Кажется, это сказал Ильф. Я уверен, что в эту минуту мы подумали об одном и том же. Неужели наступит такой момент, когда один из нас останется с глазу на глаз с пишущей машинкой? В комнате будет тихо и пусто, и надо будет писать.
А через три недели, жарким и светлым январским днем, мы прогуливались по знаменитому кладбищу Нового Орлеана, рассматривая странные могилы, расположенные в два или три этажа над землей. Ильф был очень бледен и задумчив. Он часто уходил один в переулочки, образованные скучными рядами кирпичных побеленных могил, и через несколько минут возвращался, еще более печальный и встревоженный.
Вечером, в гостинице, Ильф, морщась, сказал мне:
– Женя, я давно хотел поговорить с вами. Мне очень плохо. Уже дней десять, как у меня болит грудь. Болит непрерывно, днем и ночью. Я никуда не могу уйти от этой боли. А сегодня, когда мы гуляли по кладбищу, я кашлянул и увидел кровь. Потом кровь была весь день. Видите?
Он кашлянул и показал мне платок.
Через год и три месяца, 13 апреля 1937 года, в десять часов тридцать пять минут вечера Ильф умер.
И вот, я сижу один против пишущей машинки, на которой Ильф в последний год своей жизни напечатал удивительные записки. В комнате тихо и пусто, и надо писать. И в первый раз после привычного слова «мы» я пишу пустое и холодное слово «я» и вспоминаю нашу молодость.
Как это было?
Мы оба родились и выросли в Одессе, а познакомились в Москве.

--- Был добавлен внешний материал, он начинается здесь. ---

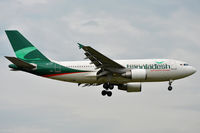 S2-AFT @ EGLL - On short finals for r/w 9L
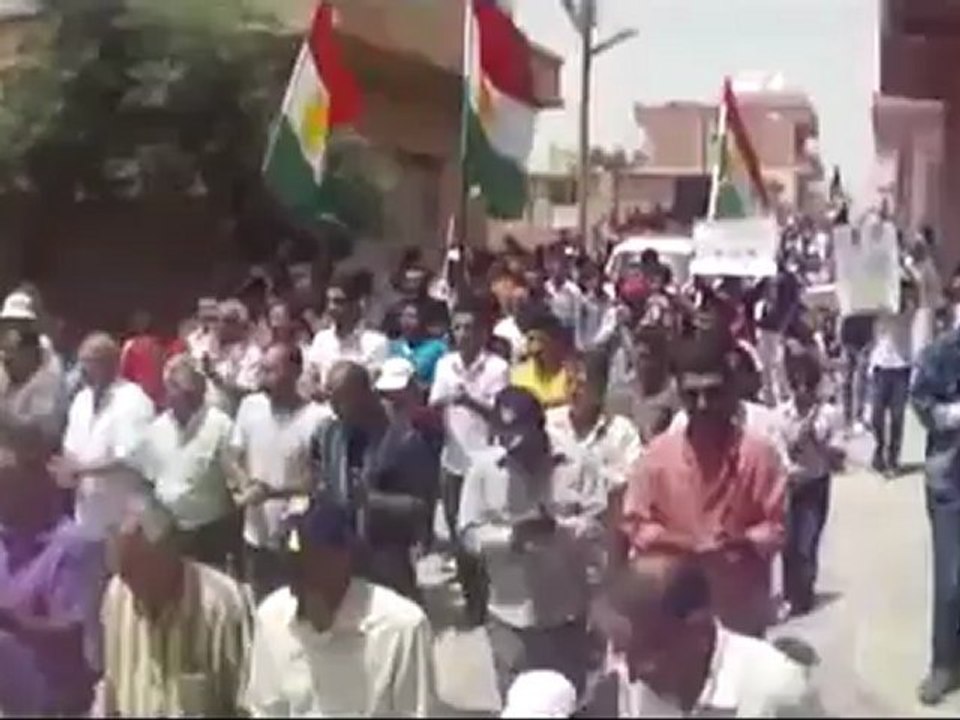 Syria فري برس عــامودا لافتات جمعة اذا كان الحكام متخاذلين 22 6 2012 ج4 ALhasaka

В 1923 году Москва была грязным, запущенным и беспорядочным городом. В конце сентября прошел первый осенний дождь, и на булыжных мостовых грязь держалась до заморозков. В Охотном ряду и в Обжорном ряду торговали частники. С грохотом проезжали ломовики. Валялось сено. Иногда раздавался милицейский свисток, и беспатентные торговцы, толкая пешеходов корзинами и лотками, медленно и нахально разбегались по переулкам. Москвичи смотрели на них с отвращением. Противно, когда по улице бежит взрослый, бородатый человек с красным лицом и вытаращенными глазами. Возле асфальтовых котлов сидели беспризорные дети. У обочин стояли извозчики – странные экипажи с очень высокими колесами с узеньким сиденьем, на котором еле помещались два человека. Московские извозчики были похожи на птеродактилей с потрескавшимися кожаными крыльями – существа допотопные и к тому же пьяные. В том году милиционерам выдали новую форму – черные шинели и шапки пирожком из серого искусственного барашка, с красным суконным верхом. Милиционеры очень гордились новой формой. Но еще больше гордились они краевыми палочками, которые были им выданы для того, чтобы дирижировать далеко не оживленным уличным движением.
Москва отъедалась после голодных лет. Вместо старого, разрушенного быта создавался новый. В Москву понаехало множество провинциальных людей для того, чтобы завоевать великий город. Днем они толпились возле биржи труда. Ночевали они на вокзалах и бульварах. А наиболее счастливые из завоевателей устраивались у родственников и знакомых. Сумрачные коридоры больших московских квартир были переполнены спящими на сундуках провинциальными родственниками.